Sa particularité est qu’il est conçu à partir d’une herbe séchée : la q’oya. Chaque année au mois de juin, les communautés natives de la région s’affairent à rénover ce pont en l’espace de trois jours, comme le veut la tradition. Maintenant que la pandémie est terminée, les indigènes tentent de regagner l’intérêt des visiteurs pour l’une des traditions les plus marquantes de cette région.

Crédit photo : Unesco

Les femmes de la communauté, arborant des jupes multicolores, coupent la q’oya dans les champs à coups de faucille, puis la tressent. Elles forment ainsi d’épaisses cordes que les hommes se chargent de porter sur leurs épaules.

Pendant tout le processus de confection, la tradition requiert le sacrifice d’un agneau en guise d’offrande aux dieux de la terre et de la montagne pour “qu’aucun accident ne se produise”. Les divinités sont évidemment très présentes dans cette tradition qui se perpétue de génération en génération depuis les pré-Incas.

Un pont qui appartient aux sirènes de la rivière

Lorsque que les cordes constituent le prochain pont sont terminées, elles remplacent directement l’ancien.

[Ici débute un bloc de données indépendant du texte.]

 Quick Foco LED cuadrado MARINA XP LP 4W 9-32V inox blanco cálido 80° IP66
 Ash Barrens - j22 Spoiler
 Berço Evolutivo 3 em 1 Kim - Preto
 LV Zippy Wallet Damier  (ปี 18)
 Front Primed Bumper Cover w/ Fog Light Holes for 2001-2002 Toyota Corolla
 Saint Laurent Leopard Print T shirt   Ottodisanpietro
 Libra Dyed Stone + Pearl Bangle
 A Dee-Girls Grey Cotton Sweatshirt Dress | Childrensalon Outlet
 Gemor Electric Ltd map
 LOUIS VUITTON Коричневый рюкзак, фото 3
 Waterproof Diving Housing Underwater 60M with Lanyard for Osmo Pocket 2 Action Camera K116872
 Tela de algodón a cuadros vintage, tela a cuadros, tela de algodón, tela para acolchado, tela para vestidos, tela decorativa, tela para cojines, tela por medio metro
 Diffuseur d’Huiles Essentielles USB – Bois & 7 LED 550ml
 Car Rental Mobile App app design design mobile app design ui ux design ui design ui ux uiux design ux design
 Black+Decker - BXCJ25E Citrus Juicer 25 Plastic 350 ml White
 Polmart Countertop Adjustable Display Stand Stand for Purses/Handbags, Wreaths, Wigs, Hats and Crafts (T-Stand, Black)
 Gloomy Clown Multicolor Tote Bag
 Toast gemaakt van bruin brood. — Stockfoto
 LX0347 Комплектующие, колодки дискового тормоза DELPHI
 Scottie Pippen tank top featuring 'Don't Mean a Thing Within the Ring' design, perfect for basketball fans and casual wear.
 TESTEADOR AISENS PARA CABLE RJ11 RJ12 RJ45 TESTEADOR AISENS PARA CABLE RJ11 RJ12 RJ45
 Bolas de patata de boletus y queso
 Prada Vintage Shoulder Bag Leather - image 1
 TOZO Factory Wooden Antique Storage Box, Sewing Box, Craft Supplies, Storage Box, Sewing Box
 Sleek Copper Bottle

Les hommes passent les cordes les plus épaisses d’un bout à l’autre pour poser les bases du nouveau pont, puis l’ancienne structure est retirée, tombant dans la rivière, se laissant emporter par le courant.

Crédit photo : Unesco

Pour finaliser la rénovation, ils installent les deux grosses cordes qui serviront de mains courant, puis les plus fines, qui se comptent par milliers, qui sont nouées entre elles. Puis vient le tablier afin de créer un garde-fou sur le pont, en guise de sécurité.

Un travail de longue haleine durant lequel les hommes, qui ne connaissent pas le vertige, mâchent des feuilles de coca pour lutter contre la fatigue. Pendant l’installation finale du pont, les femmes sont exclues mais cela n’a rien à voir un quelconque sexisme. Selon la tradition, ce pont serait la propriété des sirènes qui seraient tout simplement jalouses.

Crédit photo : Unesco

Enfin, lorsque les équipes de deux côtés se rejoignent, il crient “Haylly Q’eswachaka”, afin d’annoncer la renaissance du pont, qui fait une trentaine de mètres de long et un peu plus d’un mètre de large.